Against Russia and Samoa, if they're structured and disciplined - two things distinctly lacking on Saturday - they should definitely be banking the 10 points they need to absolutely guarantee a spot in the last eight.

The World Cup isn't over, no matter how it felt on Saturday.

Murphy's arrival will be like breath of fresh air for whole camp

As bad as it is for Jack Conan, I'm delighted to see Jordi Murphy get his reward in the end.

The native Dubliner was giving up a lot when he left Leinster for Ulster last summer and it was all with a view to him getting out to Japan for this World Cup.

He'll have thought his chance was gone, but injuries are unfortunately a part of tournament rugby and he'll have stayed sharp just in case.

After the result at the weekend, he'll be relied upon to bring energy and positivity to the camp now, really throw himself into things because a new face on a tour this long can give everyone a bit of a lift.

Four years ago at the World Cup we had Mike McCarthy and Isaac Boss come out to join us and you couldn't ask for two better people to be filling that role.

They didn't even play but they brought so much buzz to the general atmosphere.

In contrast, I wouldn't be surprised to see Jordi playing a decent bit of rugby over the next few weeks.
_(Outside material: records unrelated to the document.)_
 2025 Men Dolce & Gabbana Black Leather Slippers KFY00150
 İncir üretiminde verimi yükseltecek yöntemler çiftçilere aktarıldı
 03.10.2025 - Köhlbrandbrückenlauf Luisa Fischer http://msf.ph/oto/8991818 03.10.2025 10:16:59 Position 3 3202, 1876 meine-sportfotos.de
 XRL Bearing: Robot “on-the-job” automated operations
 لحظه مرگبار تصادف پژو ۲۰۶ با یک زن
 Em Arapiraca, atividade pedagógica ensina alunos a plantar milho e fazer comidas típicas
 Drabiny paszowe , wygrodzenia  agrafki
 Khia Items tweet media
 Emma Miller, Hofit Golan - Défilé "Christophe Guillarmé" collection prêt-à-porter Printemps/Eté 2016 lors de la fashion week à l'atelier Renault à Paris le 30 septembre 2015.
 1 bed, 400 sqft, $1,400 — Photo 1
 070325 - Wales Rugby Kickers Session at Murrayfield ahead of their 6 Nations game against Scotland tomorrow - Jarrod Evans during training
He's fresh and he knows a chance he thought had gone has belatedly arrived.

Most of his opportunities for Ireland of late have come with an eight on his back and that's probably gone against him given how much of his rugby at Ulster was being played as an openside. There's a real lack of natural No.8s in the squad now in Conan's absence but I'd be surprised if we don't see him playing at seven now.

The biggest difference is the set-piece detail, controlling at the base of the scrum and what all three roles are doing in the line-out. That's tough, it really is.

Someone like Jordi is expected to know all those variations for every play.

There's pressure there but, wherever he plays, he'll be raring to go.

Schmidt has just cause to bemoan side's ref justice

Referees have unfortunately been a hot topic in this competition already. It's a tough job, but the high tackle has been a real issue.

We all want players to go low, but with the best stars in the world, the threat of the offload is so huge that they don't want to leave themselves vulnerable.

If we're not going to pick a law and consistently apply it, then I really don't know what the answer is, and it's one thing at the minute that makes me really glad I'm not out there anymore.

It was a different story with Angus Gardner and Ireland on Saturday. I was never one to blame referees for defeats in my career, and I don't want to start now, but he was absolutely horrendous, just so trigger happy. It's rare for Joe Schmidt to engage in chat about the referee during the week but he obviously expected a tough day at the office with him. It was certainly that.

Japanese players did so well in holding the Irish in at the breakdown. As a former openside, that's something you admire, but the game has changed now and the referees in recent times have become wise to it. The Irish breakdown was slow all day but Japan didn't roll away and weren't penalised. Why would they stop then?

Obviously the big ones that irked Schmidt were the offsides. In other games you get away with those but Gardner was just so pedantic.

Knowing the way Joe treats the discipline of his side, he'll have been enraged by the decisions but, thankfully on another day, those things aren't even picked up. The difference a referee can make to a contest at this level is incredible.

We'll just have to pray they don't see Gardner again in this tournament!